## Task inputs
____________

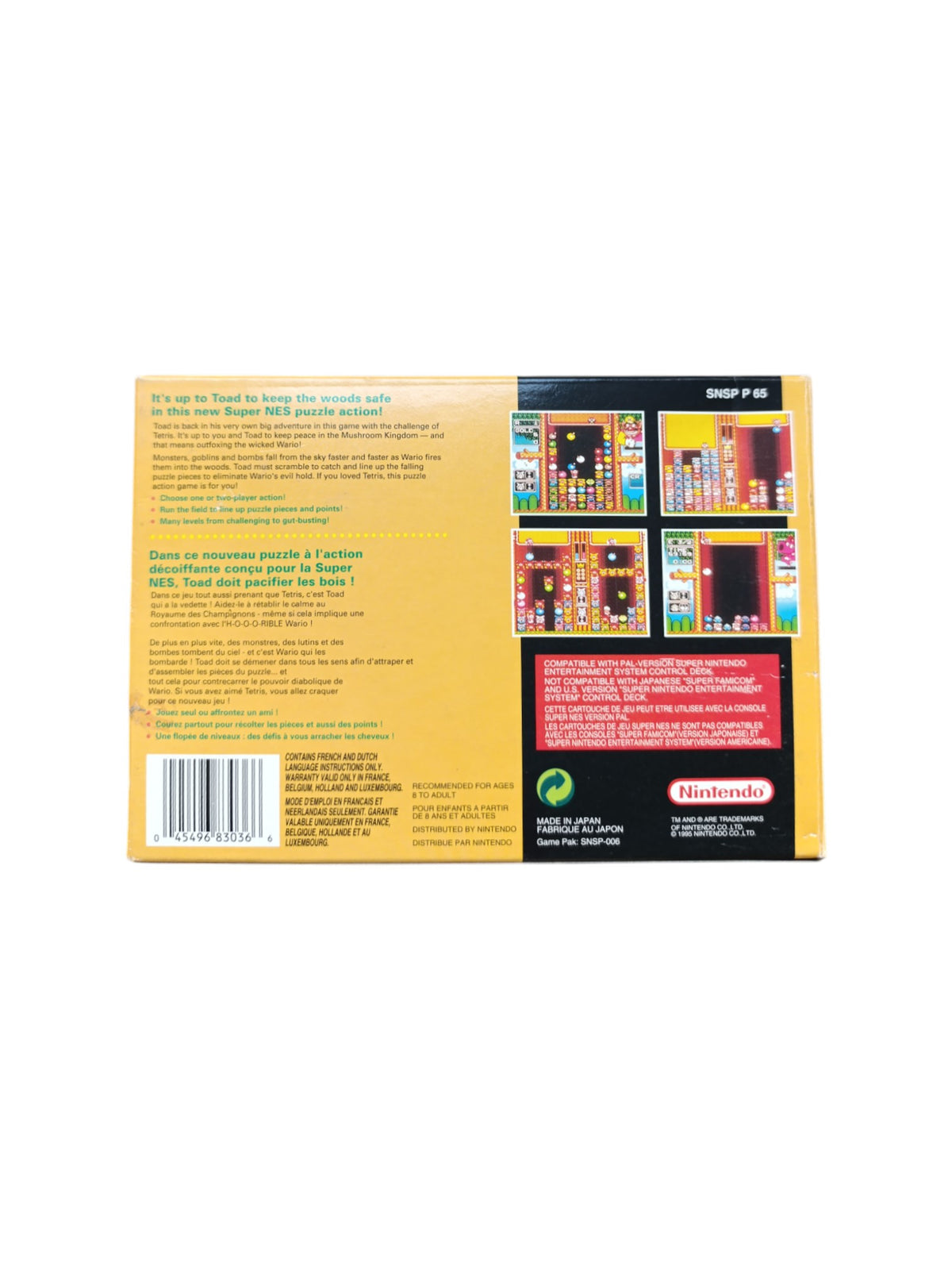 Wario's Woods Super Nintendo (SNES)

____________

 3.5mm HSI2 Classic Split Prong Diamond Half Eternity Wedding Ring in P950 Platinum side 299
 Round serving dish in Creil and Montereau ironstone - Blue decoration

____________

## Required work
Only one part of the material above is to be transcribed, namely the lines starting with the line that has "3.5mm HSI2 Classic" and going on through the line that has "Round serving dish", exactly as they stand.

## Your response
 3.5mm HSI2 Classic Split Prong Diamond Half Eternity Wedding Ring in P950 Platinum side 299
 Round serving dish in Creil and Montereau ironstone - Blue decoration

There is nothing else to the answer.